The price that one paid for the good life is quietly seen in the homes. No time to talk, to play and enjoy each other's company. A columnist writing for the Catholic Times refers to this condition by quoting from a poem written by a 2nd year grammar school child:"I have a mother who shows me love/A refrigerator that gives me food/ A dog I can play with/And a father--why he exists, I don't know."
The columnist remarks on the humor of what the child wrote, but it also left him with a bitter taste, reading this sad portrait of a Korean father. Apparently getting up early in the morning, coming home late every day, and having to sleep during the weekend are not as important as the refrigerator in the kitchen. Another child wrote: "Dad is the one who loves Mom, puts food in the refrigerator, and feeds the dog."
A father himself, the columnist reflects on his life and his feelings of what a father should be: A father is like a pillar of the house that keeps the roof from coming down; a father is like a camel with a large pack on its back in the desert. He wonders how his children see him. The 2nd grade grammar school child was not describing the families of most Koreans, but there is a difference in the way the fathers of the past related with their family and the way modern fathers are forced to relate in the present.

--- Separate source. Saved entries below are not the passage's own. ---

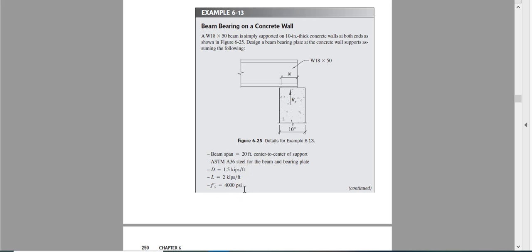We need to check web yielding, web crippling, bearing in the plate, bending in the plate, and support bearing capacity — all five or six checks. The design procedure starts by calculating the maximum load and finding the reaction, since we are designing for the applied load.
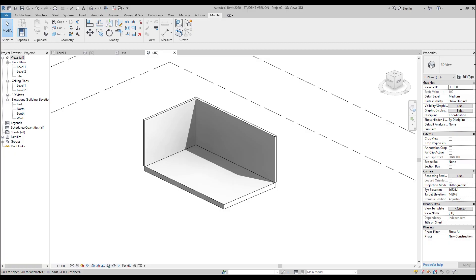Hello everyone and welcome back to my tutorial. Today we will talk about the model in place, but a bit advanced course. We already know how to work with model in place and the tools it offers. Now we will combine everything and create more complicated forms. If you don't know anything about model in place, please watch my previous video or check the link below. For those who already know or want to learn more, welcome and let's start.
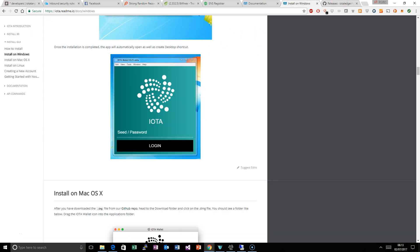Once you have that, you just paste it in here. But before that, you might be prompted to put in neighbours, or you might have a choice of do you want a light wallet or a full node. I would just choose the light wallet, the light node version, because it gets you up and running if you just want to use it as a wallet rather than for machine to machine transactions.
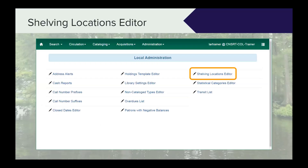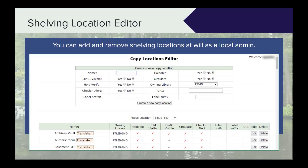The next thing is the shelving locations editor, which is the representation of your physical library in the system. This is going to be determined locally, and I have seen it configured in many, many ways. It is based on how you decide to have it set up in the library. In this case, we see just a few examples of some of the shelving locations at the Indiana State Library and the options that have been selected there.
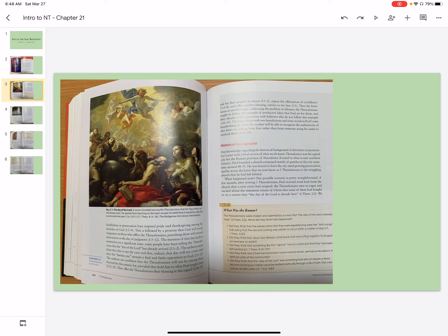They offer the Thessalonians their blessing in this regard, ask for their prayers in return, repeat the affirmation of confidence, and offer another blessing similar to the first.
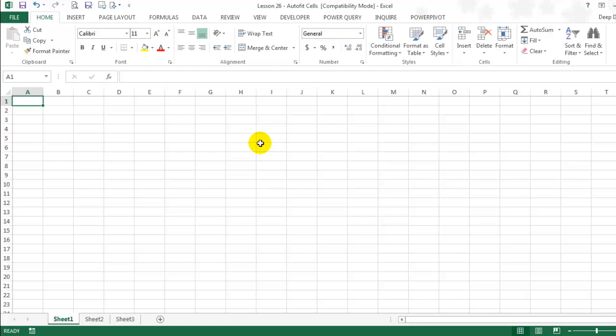Hi, welcome back to lesson 26. This is going to be a quick lesson and won't take more than a couple of minutes on the sheet that's currently open on my screen.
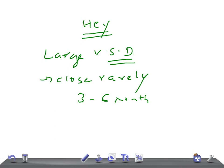As you could do in the medium-sized VSD: controlling CCF, prevent pulmonary hypertension, prevent respiratory infections, give prophylaxis for infective endocarditis. These are the things you do in moderate VSD.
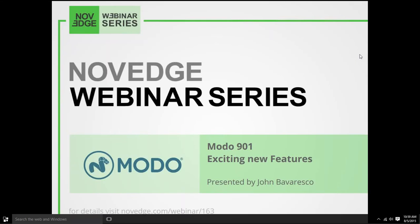Hello everyone, my name is Barbara and I would like to welcome you all to our latest Novage webinar episode. In this week's episode, we'll be covering Modo 901's exciting new features. John Modalesco will be highlighting some of Modo's new and enhanced modeling tools, improved sculpting features, retopology tools, and MeshFusion — an incredible live Boolean tool, once a plugin and now fully integrated into Modo.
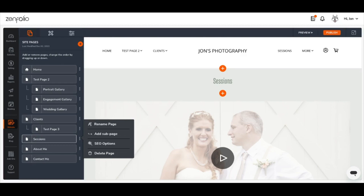The third option available is SEO Options. This option will allow you to customize the SEO information associated with each page of your website individually. This is helpful because SEO is very important to your website's ability to remain visible in online search engines like Google, Bing, and Yahoo for example. Good SEO can also have a positive impact on visitors finding your site organically too, but we'll talk more about that later.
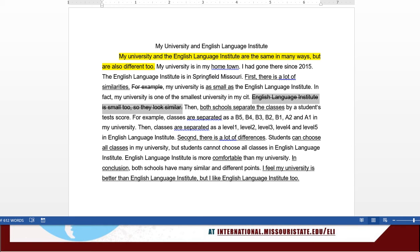Going down to the differences section — I like your points. The only problem is that there are no details or examples after them. So that would have been something better to write. You have 'they can choose the classes' and 'they cannot choose at ELI.' Another sentence after this would have been better. And then you get into the fact that it's more comfortable — you need another sentence after that too. So that's for your content — some things you might try doing in the future.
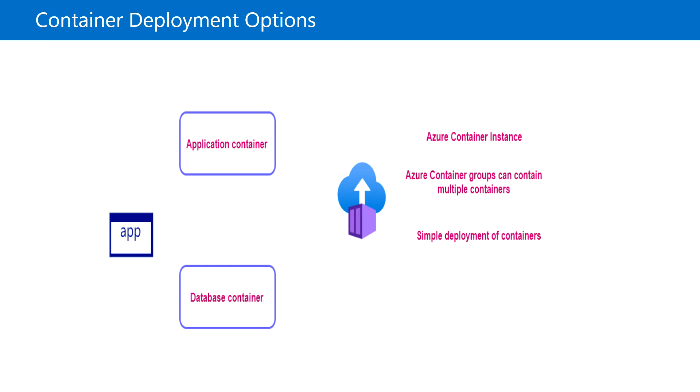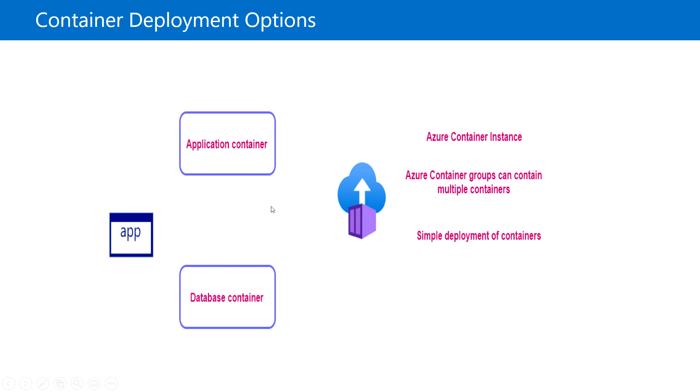That's completely managed by Azure, so we can use Azure Container Instance. Azure Container Groups can contain multiple containers as well, so we can simply deploy our containers using this option.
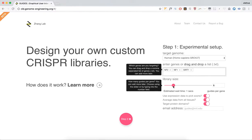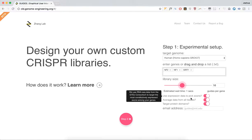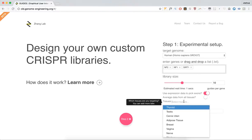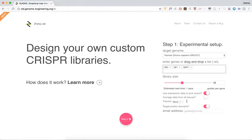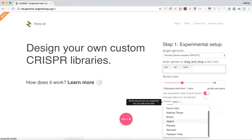Choose a library size, how many guides you'd like to target for each gene, and then you can choose your experimental parameters, such as whether to use expression data to pick exons, whether to average data from all tissues. In my case, I'll choose nerve, and I'll choose brain.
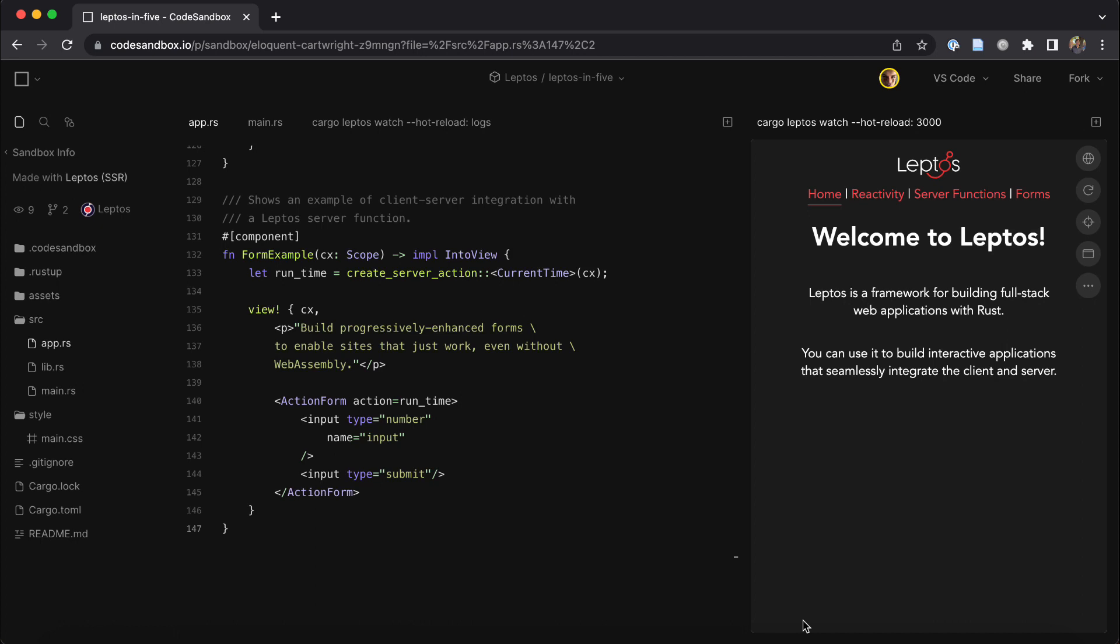We've also got a super active Discord server and active GitHub discussions if you need help. But I hope that this helps you build Rust web applications to make the web a better place for your users and for the world.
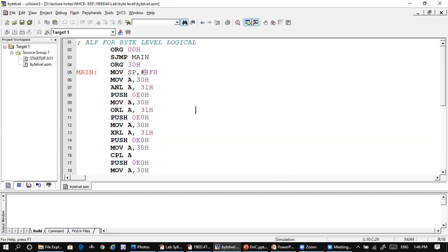The stack pointer is loaded with the value FFh so that when values are pushed, the stack pointer increments by one — from FFh it becomes 50h. We mostly use the PUSH operation so results start storing from 50h onward. The operands are stored at 30h and 31h: the value at 30h is moved to A, then ANDed with the content of 31h, and the result is stored in A. This is then pushed to the stack using PUSH 0E0h — the direct address of the A register — so the AND result goes to address 50h.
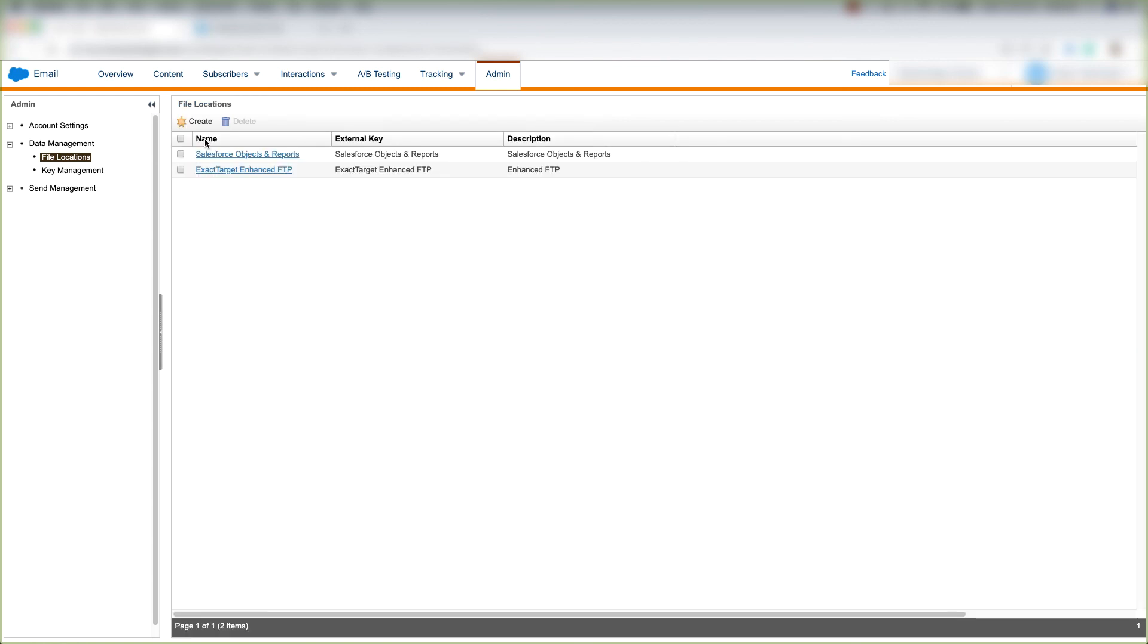Then whatever file location you create will appear here. And now you know how to create a file transfer location inside of Marketing Cloud.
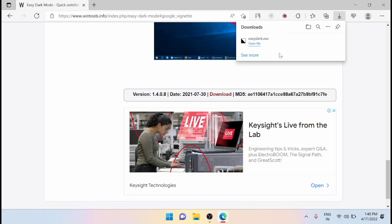Now you can see that the dark mode executable has been downloaded. You have to run the Easy Dark Mode executable file. It's a portable application and doesn't require any installation — you can just run it.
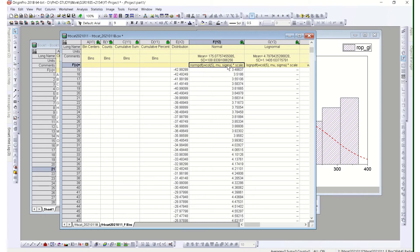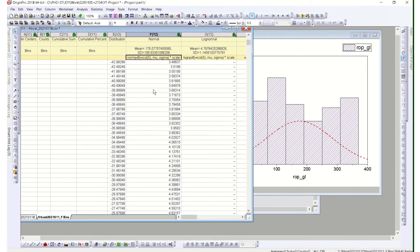Each distribution has its own formula displayed, and you can export the full distribution if needed. When we get to the analysis section in later videos, we will see how these distributions are analyzed further. This is a very quick way to get started.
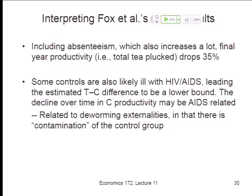Non-plucking days were counted as zero tea plucked but also not counted as a tea-plucking workday in the per-day calculation. Which is one way of looking at it — how much do you physically pluck in the field — but we're missing out on this whole dimension of absenteeism. So it's a very conservative lower bound almost certainly.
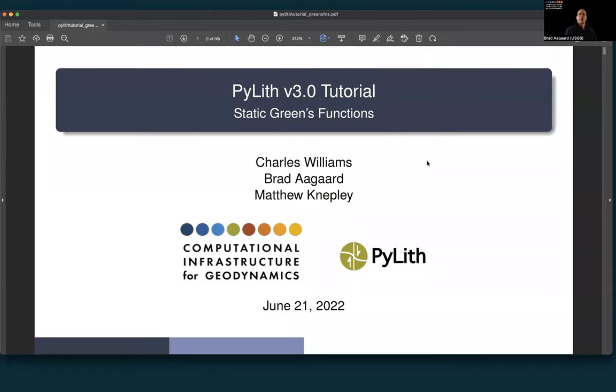In this tutorial, we are going to cover how to use PyLith to compute static Green's functions that can be used in inversion for fault slip.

What do children want from their fathers? He asks. As parents we want to raise children well so they will become good human beings. However, in the future, the child will not consider important that he was brought up in a well-furnished home and given the best things to eat. More importantly, they will remember that they were loved or not loved, that they enjoyed or did not enjoy the company of their father and mother in play and conversation.
When returning home from work, there are times, the columnist says, when irritation breaks out on both sides. Children are expecting to be greeted with warmth, and the parent is expecting not to be harassed. He believes that to understand the heart of a parent it is necessary to be a parent. He distinguishes the love of a parent for a child by describing it as a love that "goes down."
"Love that goes down is a one way love but without sadness. Not expecting the object of my love to love me in the way I love them. Happy if the love just doesn't bounce off. No matter what the circumstances it is the love that I have been made to give. It is the love that I have received from above that I give to those below. But at times this love gives pain. It is not a choice but our calling."